Voilà ce que nous récoltons toujours en allant à la pêche de la manière dont nous y sommes toujours allés. Dans quelle  eau pêchent-ils leurs poissons, les professionnels de la pêche en eau trouble et dans quelle eau voulez-vous aller pêcher les vôtres, chers concitoyens ?
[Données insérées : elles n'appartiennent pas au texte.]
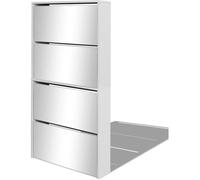 vidaXL Meuble à chaussures 4 étagères avec miroir 63x17x134 cm Blanc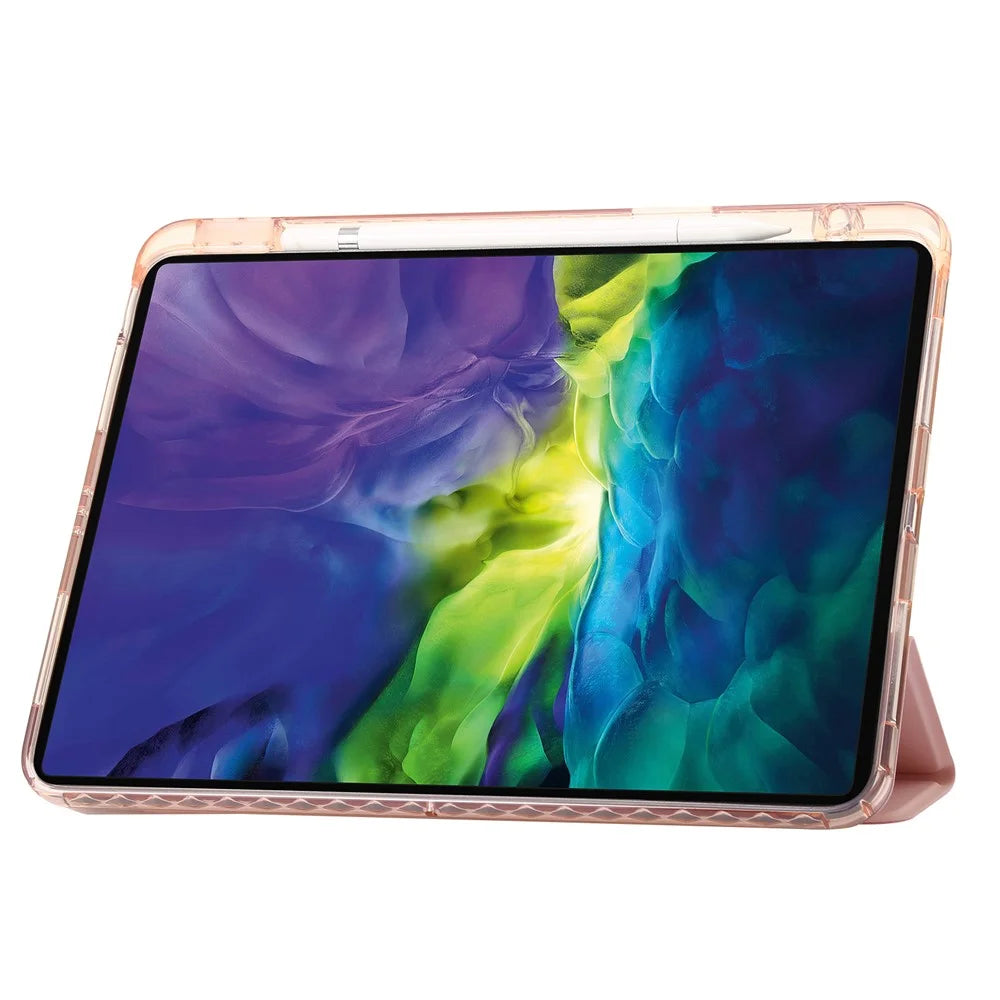 For iPad Air 11 (2026) / (2025) / (2024) / Pro 11 (2018) / (2020) / (2021) / (2022) / Air (2022) / (2020) Leather Trifold Stand Cover - Pink - 2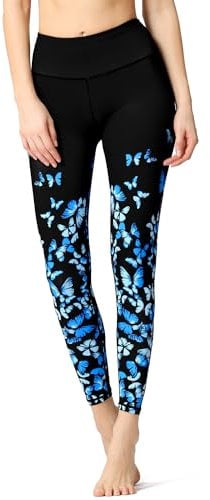 HAPYWER Yoga Leggings Damen High Waist Yogahose Bunt Gym Sport Leggings Tummy Control Running Workout - Stretch Kompressionshose mit Aufdruck für Frauen(Schmetterling,XL)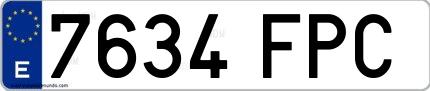 Ejemplo de matrícula española 7634 FPC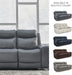 Signature Design by Ashley Mindanao Contemporary Leather Match Upholstered Power Reclining Sofa with Adjustable Headrest and USB Ports, Gray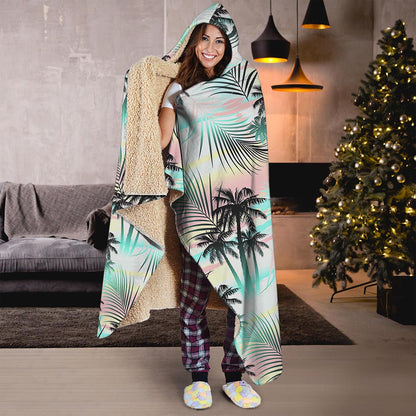 Pastel Palm Tree Pattern Print Hooded Blanket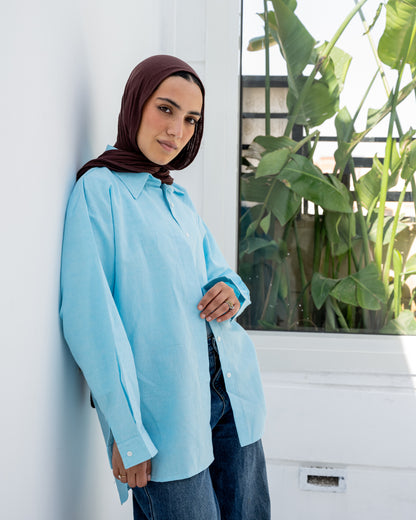 Linen Daily Shirt In Babyblue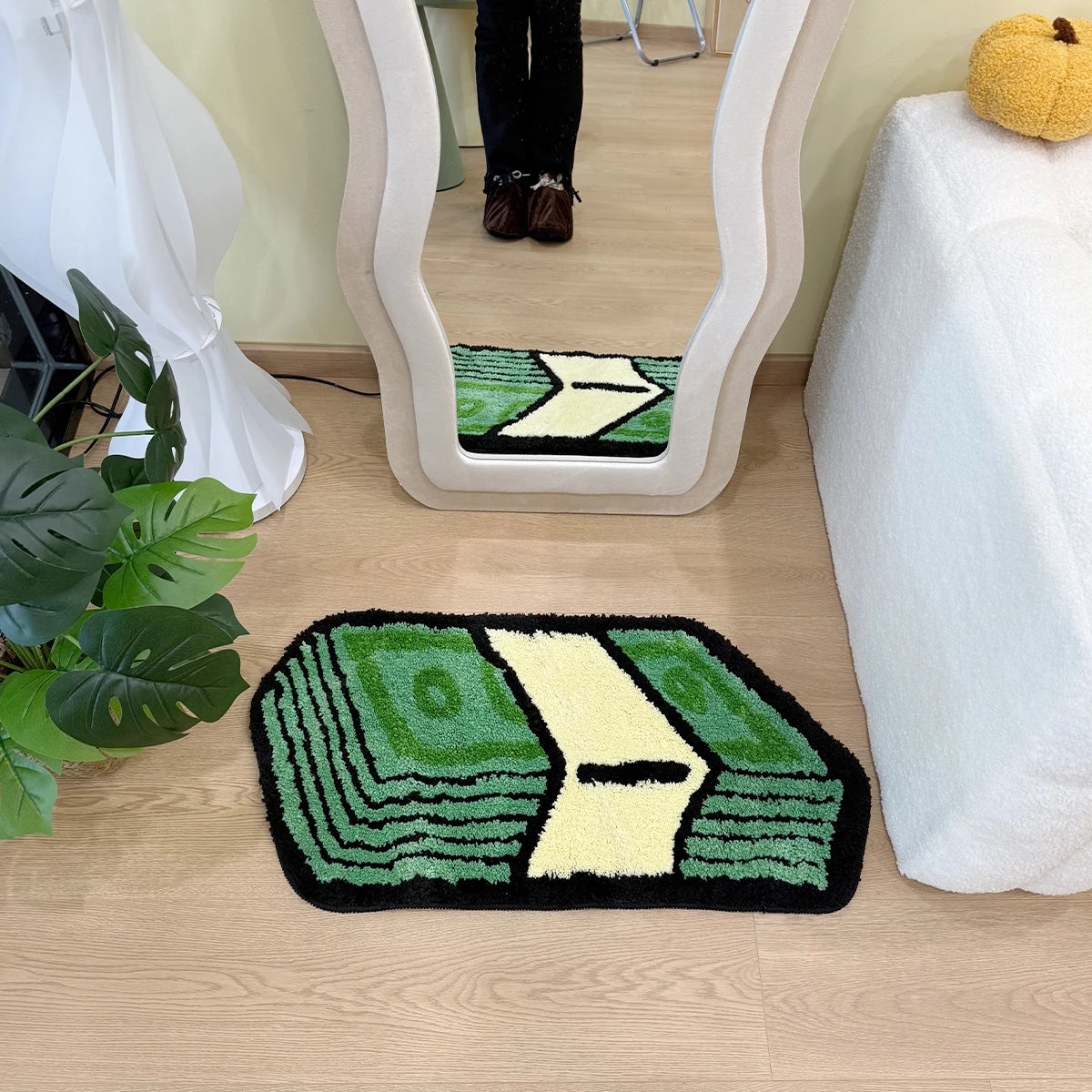 Cartoon Dollar Bill Tufted Rug – Money-Themed Aesthetic Bathroom Mat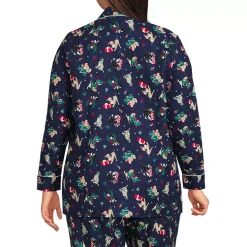 Women's Long Sleeve Print Flannel Pajama Top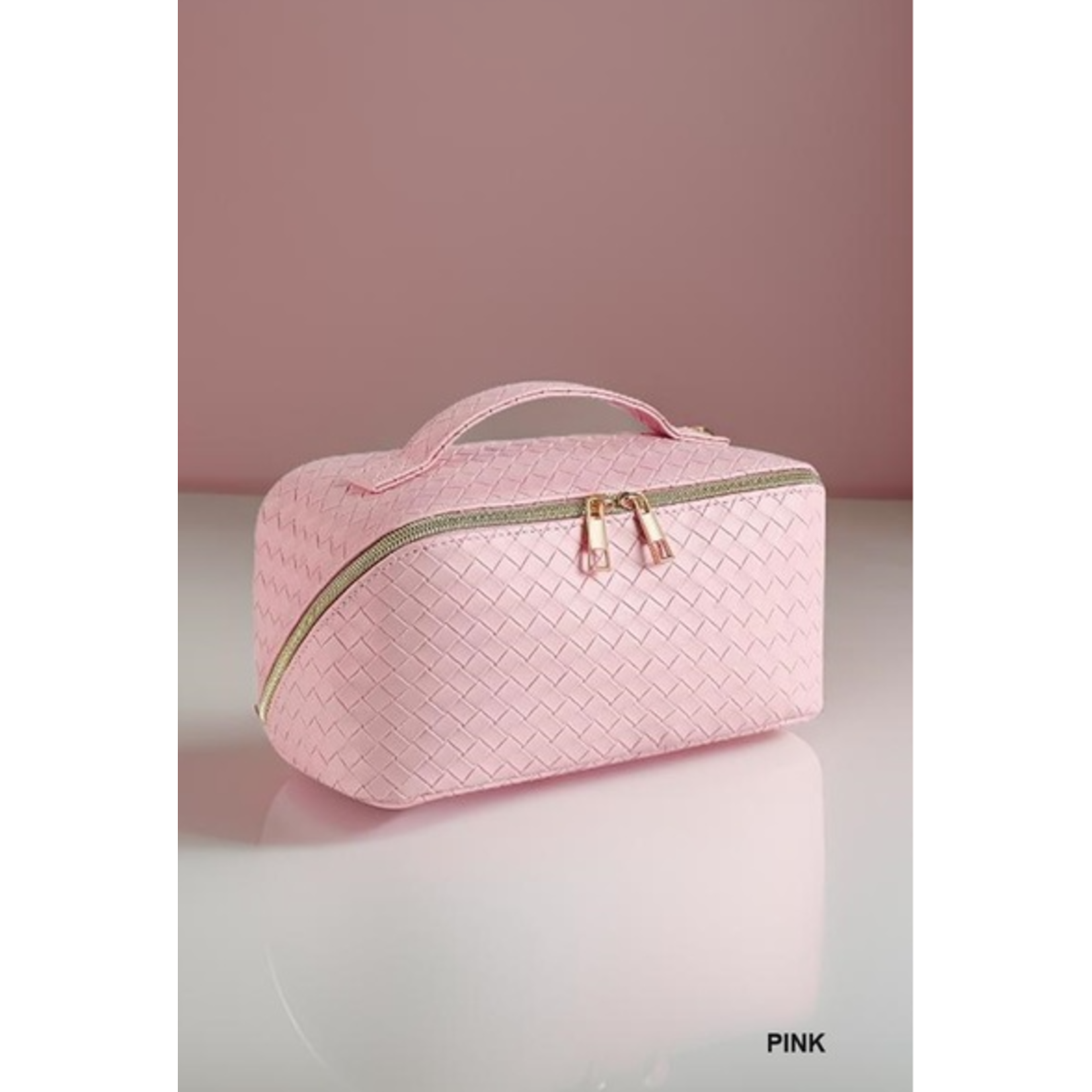 Zenana Zenana Woven Vegan Leather Cosmetic Makeup Bag Pink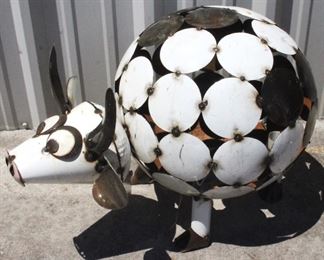 7006 - Metal Ball Shape Cow 24" long
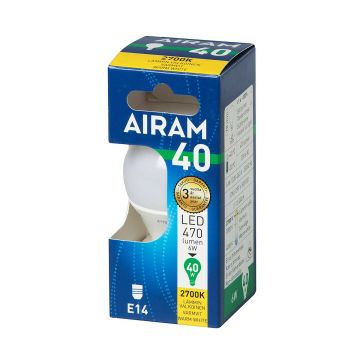 AIRAM LED MAINOSLAMPPU OPAALI 4,9W E14 470 LM, 15 000H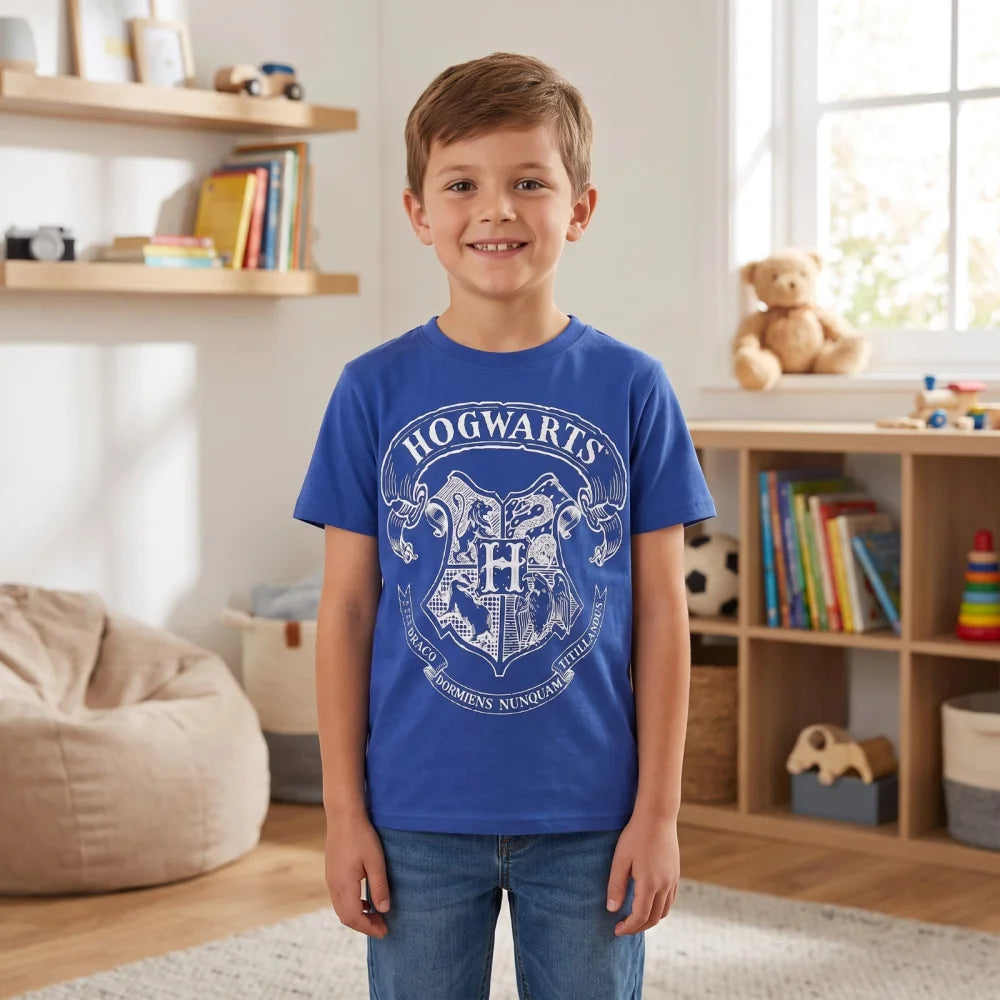 Harry Potter Hogwarts T-Shirt Kinder Shirt Farbwahl Hellblau Blau Gr. 110 - WS-Trend.de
Ils ont dit «  recensement ! », et chacun de vous a répété «  recensement ! »,   chacun de son côté, bien sûr,  peut-être pour attirer dans son filet le maximum de poissons, sans penser aux fraudes préélectorales, sans  se soucier des concitoyens de la diaspora, condamnés, pour je ne sais quel crime à ne jamais avoir le droit d’être recensés. Ni par conséquent le droit de voter. Ils avaient dit « dialogue », vous aviez d’abord refusé ( je croyais, je l’avoue, que vous aviez bien fait ), puis après les tours de Jéricho, parce que les murailles ne sont pas tombées, après le déferlement des prêtresses rouges du sang qui enivre les vaudousi, vous demandez le dialogue. Et vous dites encore «  élections législatives » comme s’il pouvait y en avoir dans l’eau trouble, boueuse. Et vous dites encore : « Assemblée nationale : nous y changerons le sang rouge en eau pure, douce ou même en lait blanc, nourricier, pour nos enfants, pour l’avenir ». L’intention est louable. Mais pendant ce temps, eux continuent toujours leur œuvre qui consiste à rendre l’eau  plus sale, plus obscure,  plus répugnante pour vous en éloigner. Votre purification de l’eau ? Aux calendes grecques ! Votre rêve d’y pêcher des poissons sains ? Vous attendrez encore des décennies pour le réaliser. J’ai lu ce gros titre : «  Il faut que tout le peuple se lève comme un seul homme… ! ». C’est bien beau ! Mais, en attendant, chacun sa petite ligne, son petit filet ? Voici comment nous sommes faits : que sur trois, quatre pages décrivant cette eau insalubre dans laquelle nous sommes, à notre corps défendant, tous plongés, pour nous inciter à en sortir, il y ait trois ou quatre lignes adressées à l’opposition, sur les problèmes que rencontre l’opposition et qu’elle serait en mesure de résoudre elle-même avec une petite volonté, en sortant un peu de nos étroitesses[1], et l’on me dit que je suis contre l’opposition. Je l’ai lu, il n’y a pas longtemps : «  Monsieur Zinsou, je vous lis depuis des années. Vous ne faites que critiquer l’opposition ». Parce que l’opposition ne commet pas d’erreurs, n’a pas des insuffisances qu’il faut relever ? Et croyez-vous qu’une main mystérieuse, de Josué ou de Hebiesso viendra renverser les murailles, sans que nous sonnions nous-mêmes, d’un seul et même souffle, suffisamment puissant, au même moment les trompettes ? Ce qui est difficile, c’est de s’accorder sur le type de trompettes, de décider ensemble de la manière, du moment.

Et, ne croyez pas non plus que la main mystérieuse, saisira celle que vous tendez vers Saint François ou n’importe quel saint pour nous aider à pousser la muraille. C’est le peuple togolais qui est au pied du mur.